Thanks for the info!

IronWolverine
Nov 02, 2009, 06:16 AM
Technique is important to get down. You want to be able to punch right especially since it's bare knuckle. Other aspects that seem like a good idea to improve would be finger/hand/wrist strength and knuckle conditioning.

Some ideas for knuckle conditioning would be knuckle push ups (work your way up to a hard surface like concrete), hitting the heavy bag without gloves (technique is important here) and plyo knuckle push ups perhaps.

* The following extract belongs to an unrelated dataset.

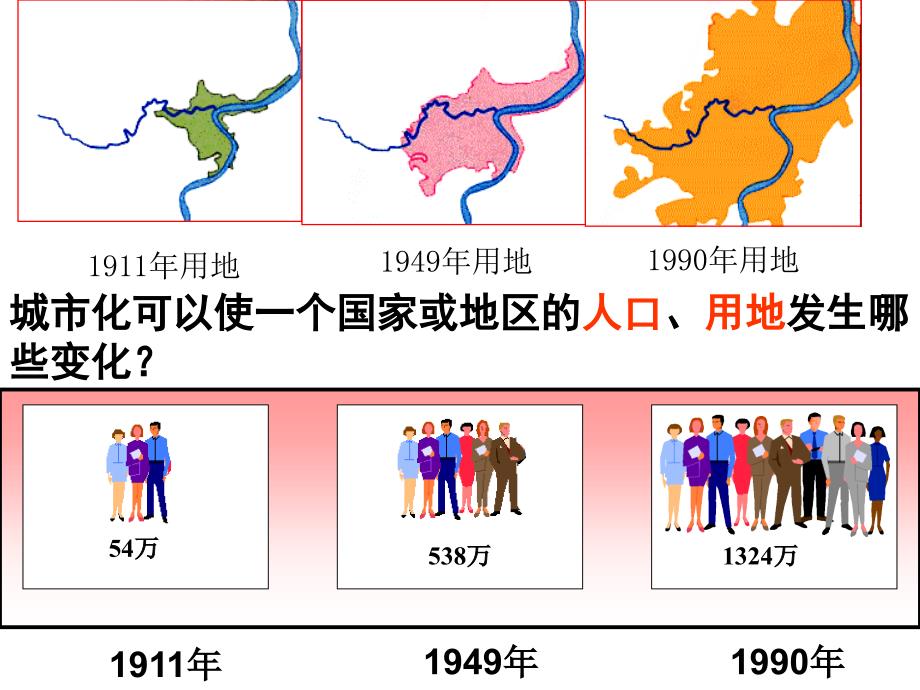 城市化ppt课件_第4页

Some ideas for wrist strength are plate wrist curls and sledgehammer levering.

I surely agree,with you

Drumsticks1013
Nov 03, 2009, 12:44 AM
As far as knuckle conditioning is concerned, regular training with a makiwara is used in most traditional Japanese martial arts. A quick google search will yield a ton of information about how to make and use one as well as precautions, because they are quite easy to injure yourself with.

vostok
Dec 08, 2009, 01:06 AM
Old time prizefighers pre gloves would soak there hand in brine to toughen them and they would punch with their fists vertically.

Ewok 02
Dec 09, 2009, 05:02 PM
What do you mean "punch with their fist vertically"? Are you talking about the old school way of holding your hands or something else?

vostok
Dec 09, 2009, 09:16 PM
Yeah the old school way, knuckes to the side is how they did it, so they wouldn't break their hands.

Ewok 02
Dec 09, 2009, 09:45 PM
That still doesn't answer my question. What I am asking is, Are they holding there stance like lets say Jack Johnson or Jack Dempsey as in keeping your elbows down and fist pointed in the air in sort of an uppercut position? Or, are we saying to throw the punch with the knuckles going North to south as oppose to left to right, Like a Bas Rutten left straight?

Cheeze_Baron
Dec 09, 2009, 11:45 PM
I'm sure he means the last one, as in thumb to the sky as opposed to palm facing downwards seen in modern boxing.

vostok
Dec 11, 2009, 08:33 PM
That still doesn't answer my question. What I am asking is, Are they holding there stance like lets say Jack Johnson or Jack Dempsey as in keeping your elbows down and fist pointed in the air in sort of an uppercut position? Or, are we saying to throw the punch with the knuckles going North to south as oppose to left to right, Like a Bas Rutten left straight?

Dempsey used gloves, more like Jack Johnson, Jim Corbett or John Sullivan.